* **THE DATA**
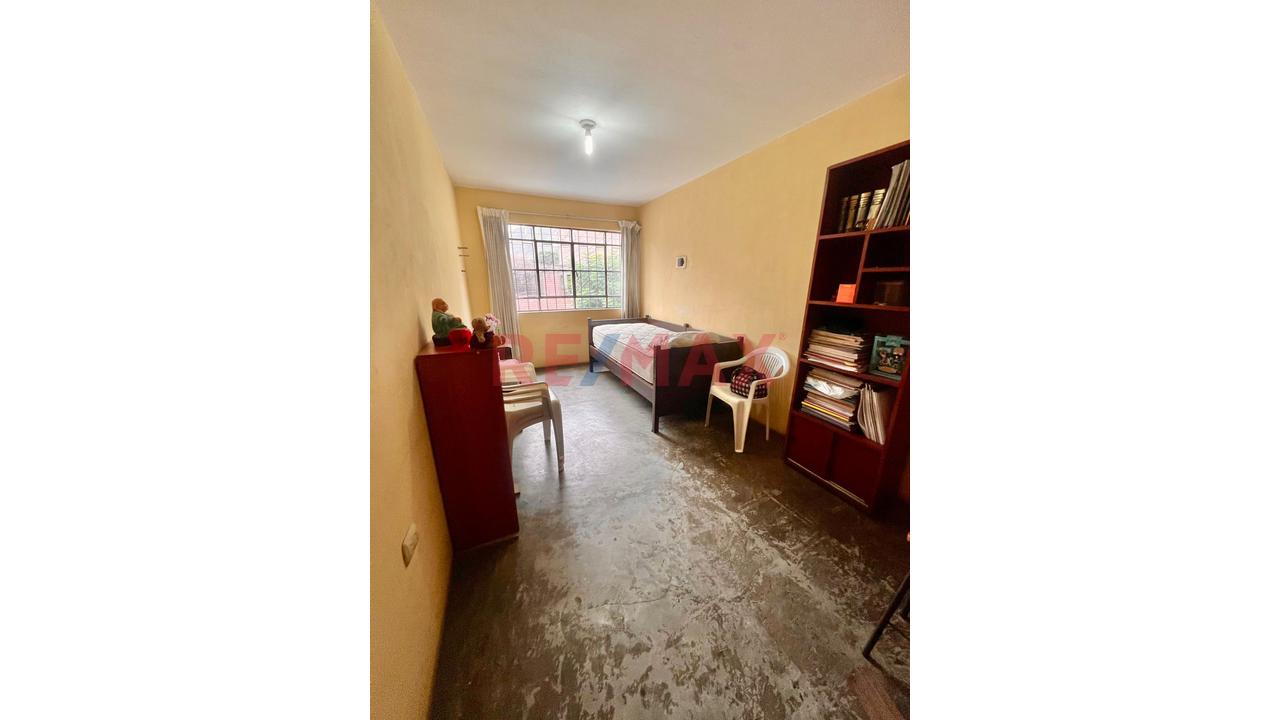 🏡 Casa Amplia De 162 M² En Venta En El Agustino | 5 Habitaciones | Excelente Ubicación 🏡 - 9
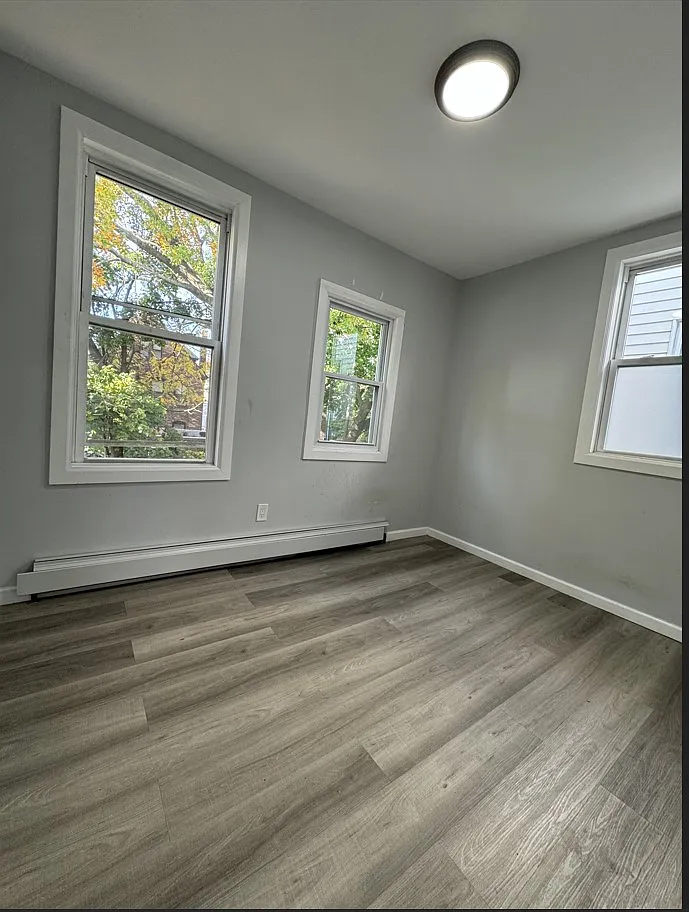 4 bed, 1200 sqft, $2,500 — Photo 4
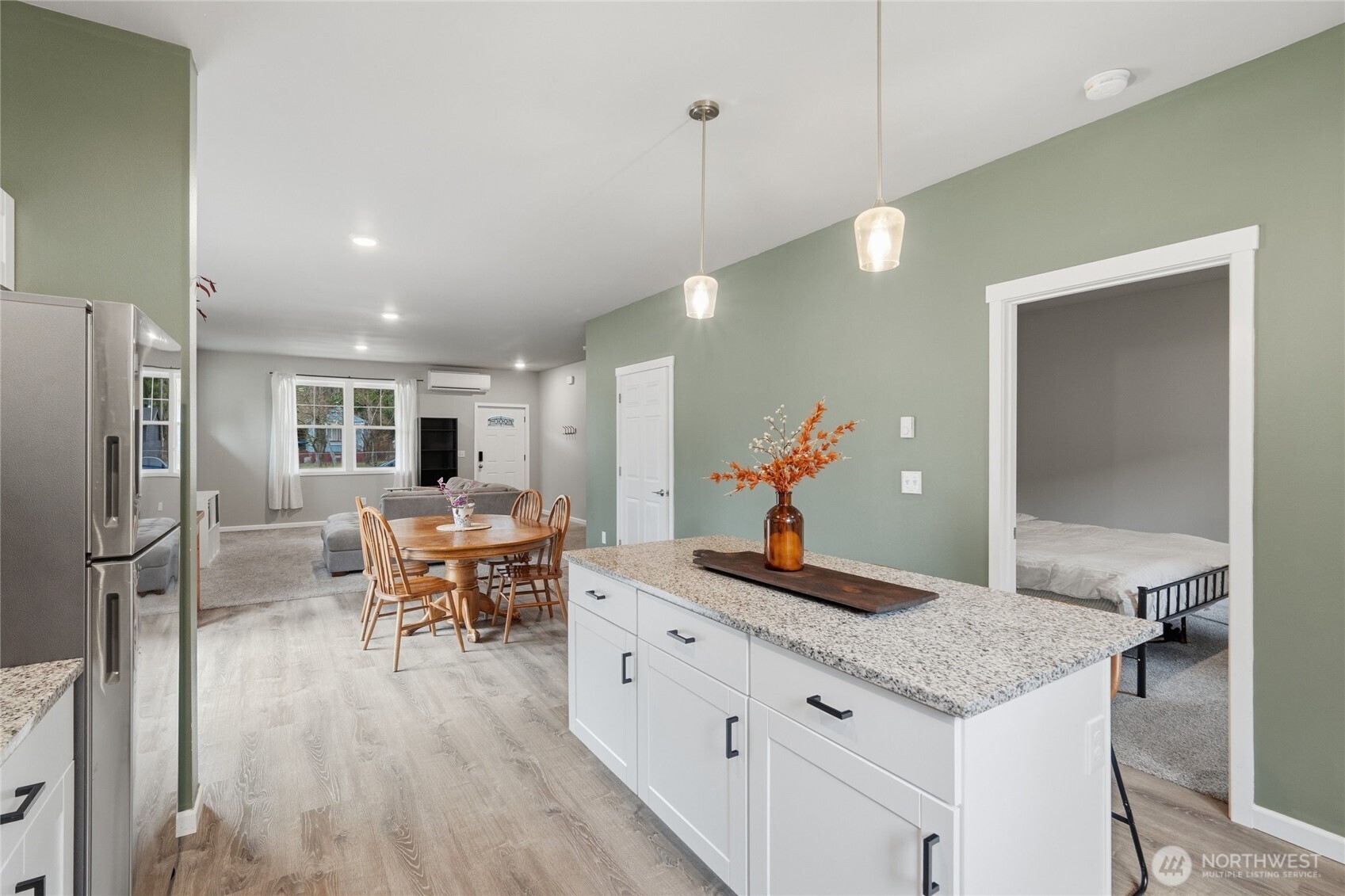 8470 Golden Valley Drive , Maple Falls, WA 98266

* **PROBLEM DESCRIPTION**
Could you restate the material word for word, skipping any pictures it holds?

* **ANSWER BOX**
 🏡 Casa Amplia De 162 M² En Venta En El Agustino | 5 Habitaciones | Excelente Ubicación 🏡 - 9
 4 bed, 1200 sqft, $2,500 — Photo 4
 8470 Golden Valley Drive , Maple Falls, WA 98266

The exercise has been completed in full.